On account of extreme poverty, illiteracy and ignorance herbs of Panna District are fast disappearing at alarming rate. Apart from this following are the other causes of depletion and disappearance:
Fast increasing stone mines which has threatened whole of biosphere reserve.
Excessive grazing by domestic catties leading medicinal herbs to extinction.
Occurrence of fire in summer season destroys natural regeneration of medicinal herbs.
Regular extraction of Jadi-bootis by contractors, money lenders, etc. through villagers, played great role in depletion of medicinal plants.
Ethnomedicinal plants
1. Abrus precatorius L. (Family – Fabaceae)
Local Name – ‘Gumchi’
Local Use – Used in cough. ‘Bhasma’ (ash) is given in asthma in small quantity.
2. Andrographis paniculata Nees. (Family – Acanthaceae)
Local Name – ‘Chirayta’
Local Use – Used in high fever, Maleria, etc.
3. Asparagus racemosus Willd. (Family – Liliaceae)
Local Name – ‘Satawari’
Local Use – Used to gain vitality and strength.
4. Bambusa arundinacea Willd. (Family – Poaceae)
Local Name – ‘Bans’
Local Use – The powder obtained srom the plant is a powerful tonic.

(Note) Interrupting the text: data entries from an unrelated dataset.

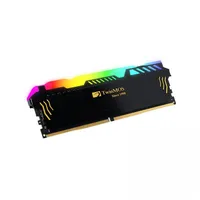 16 GB DDR4 3200 TWINMOS TMD416GB3200DRGB-C16 RGB SOĞUTUCULU DT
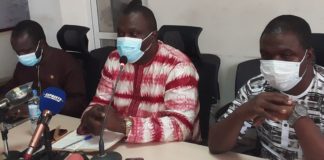 « OMICRON EST PLUS CONTAGIEUX MAIS ENTRAÎNE MOINS DE FORMES GRAVES », DIXIT Pr AMARA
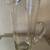 Beautiful Unique Martini/Cocktail Glass Pitcher 2 thumbnail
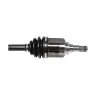 GSP CV Axle Assembly GSP-NCV69554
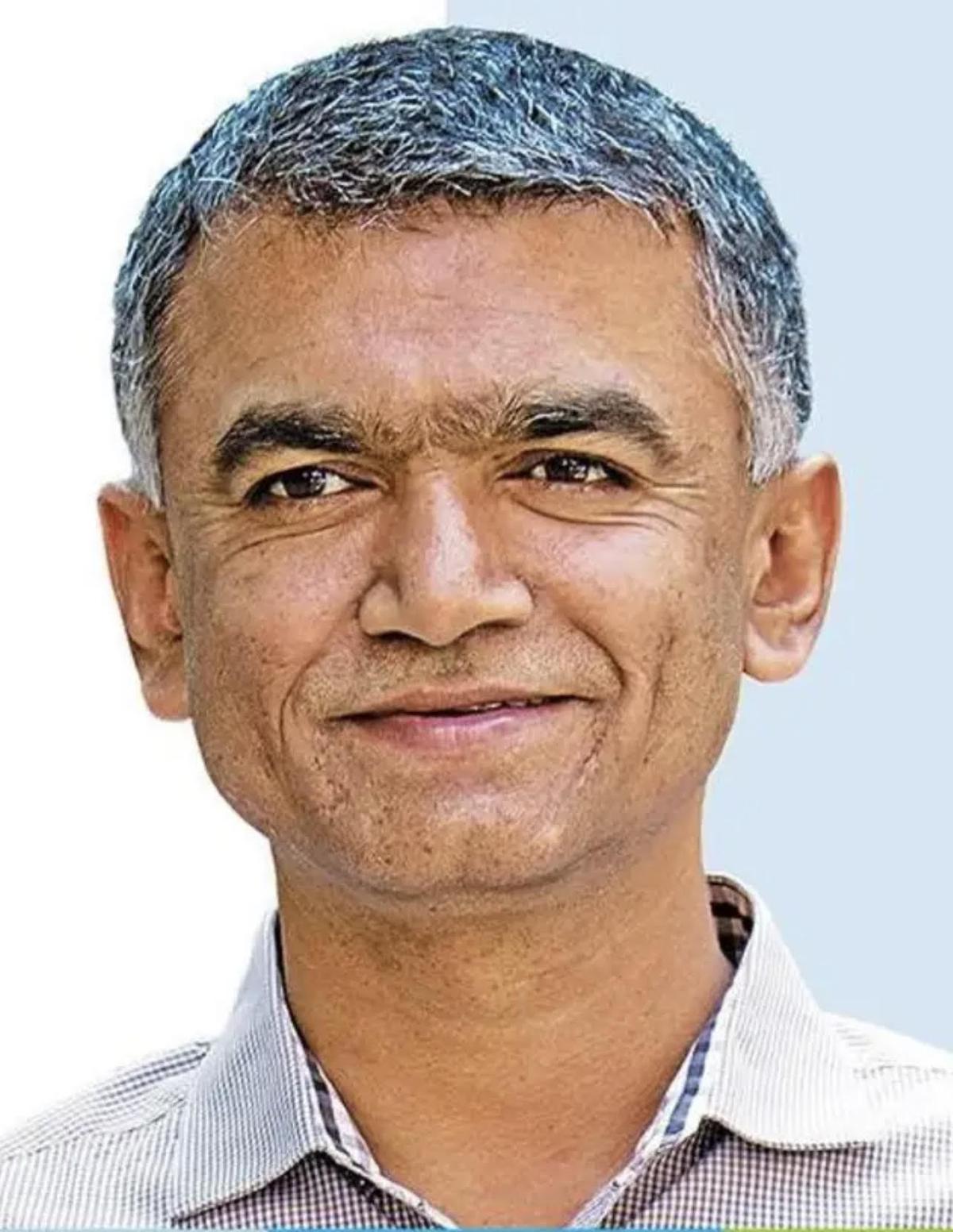 ರಾಜ್ಯದಲ್ಲಿ 16,644 ಪೋಡಿ ಮುಕ್ತ ಗ್ರಾಮ:ಸಚಿವ ಕೃಷ್ಣ ಬೈರೇಗೌಡ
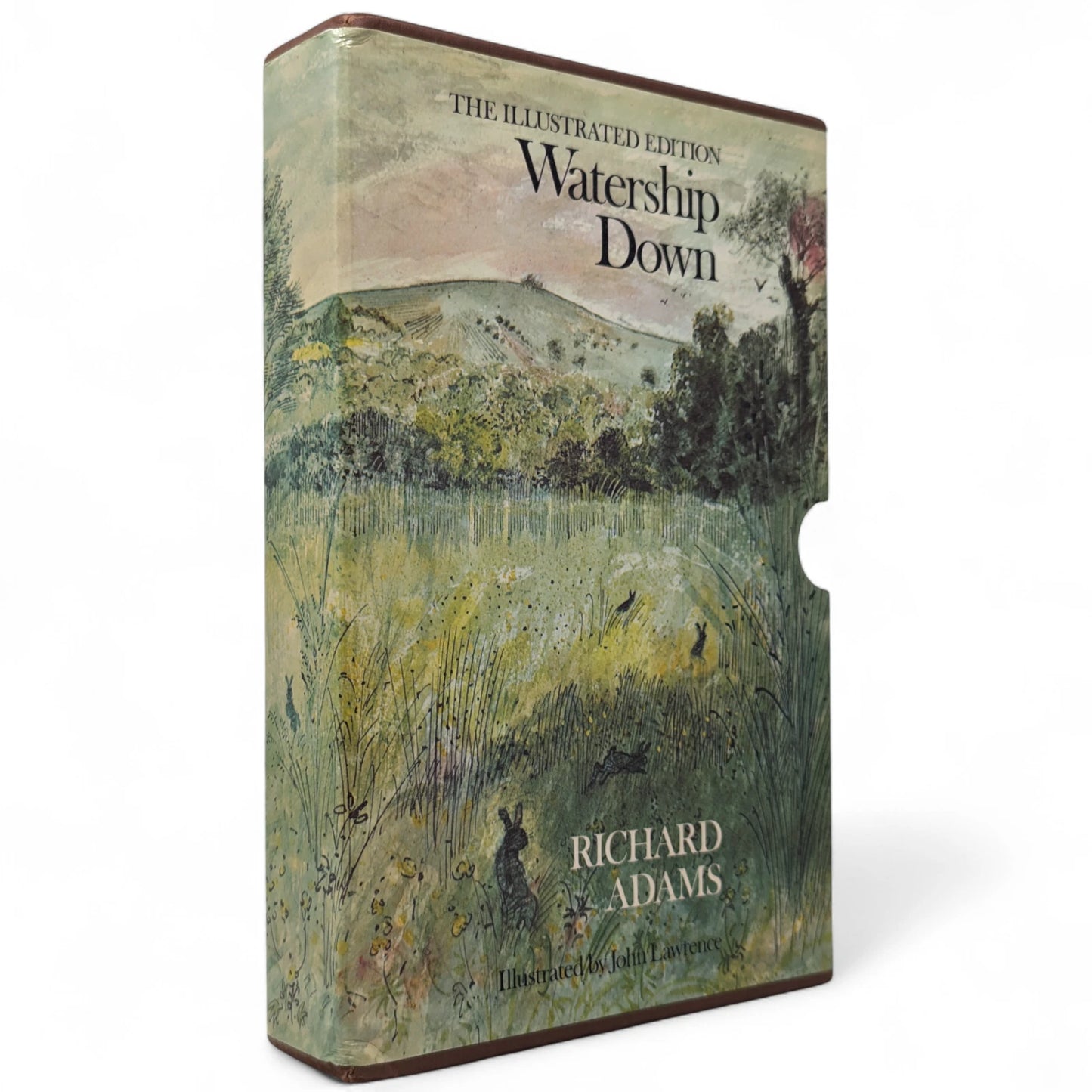 Watership Down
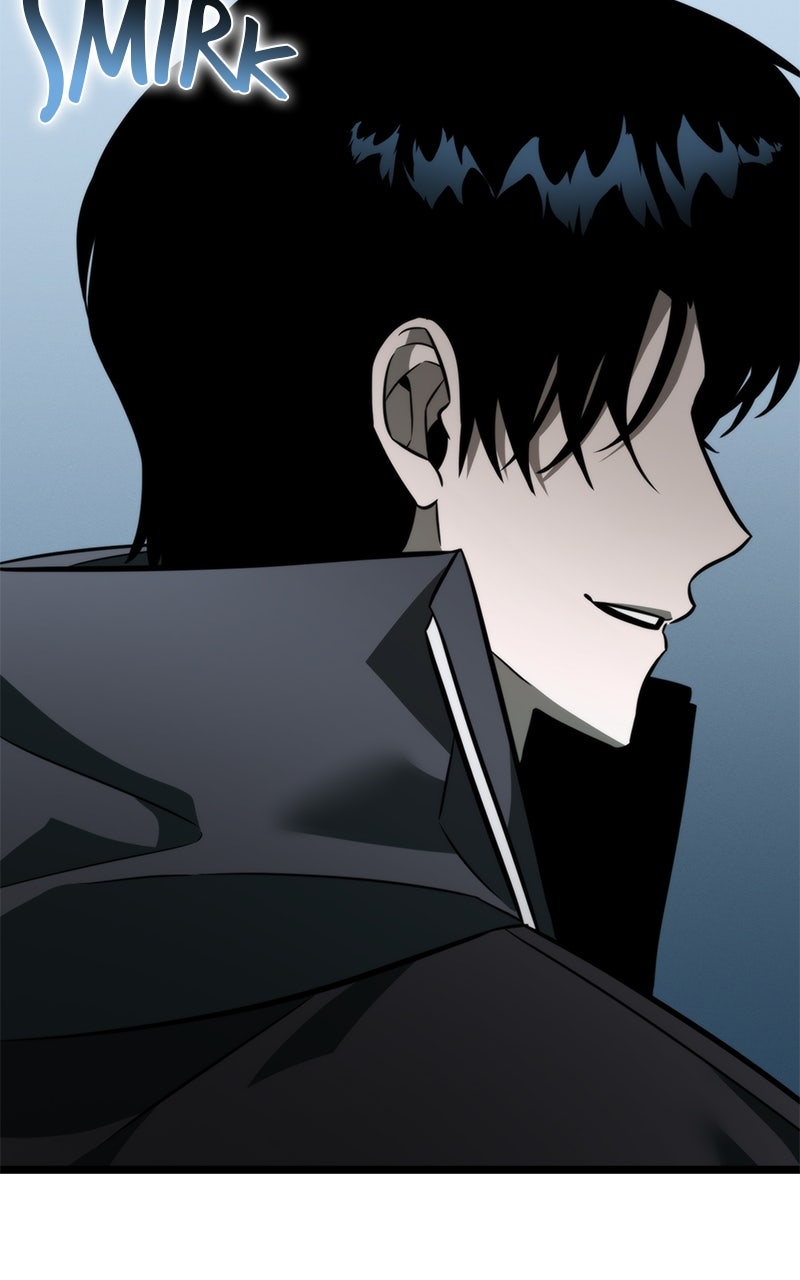 Read Reincarnator EN Manga Online
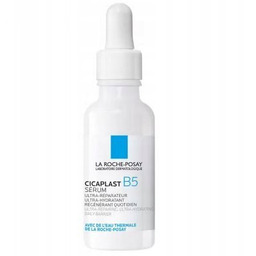 La Roche-Posay Cicaplast B5 serum regenerujące do twarzy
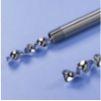 hp10 Nordson series 100 stainless steel inline mixer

5. Bryonia laciniosa Linn. (Family – Cucurbitaceae)
Local Name – ‘Shivlingi’
Local Use – Used in sex determination of children. Also useful in menses.
6. Bupleurum falcatum L. (Family – Apiaceae)
Local Name – ‘Bhojraj’
Local Use – Powerful tonic, used in liver trouble.
7. Carum carvi Linn. (Family – Apiaceae)
Local Name – ‘Kala zira’
Local Use – Used in worms
8. Celastrus paniculatus Willd. (Family – Celastraceae)
Local Name – ‘Malkangni’
Local Use – Used in Kanthmal (Goitre)
9. Curculigo orchioides Gaertn. (Famaily – Amaryllidaceae)
Local Name – ‘Kalimusli’
Local Use – Used as tonic
10. Cissus quadrangularis Linn. (Family – Vitaceae)
Local Name – ‘Harjuri’
Local Use – Bone fracture in catties and men
11. Cyperus scariosus R.Br. (Family – Cyperaceae)
Local Name – ‘Nagarmotha’
Local Use – Roots are used to subside the heat of the body.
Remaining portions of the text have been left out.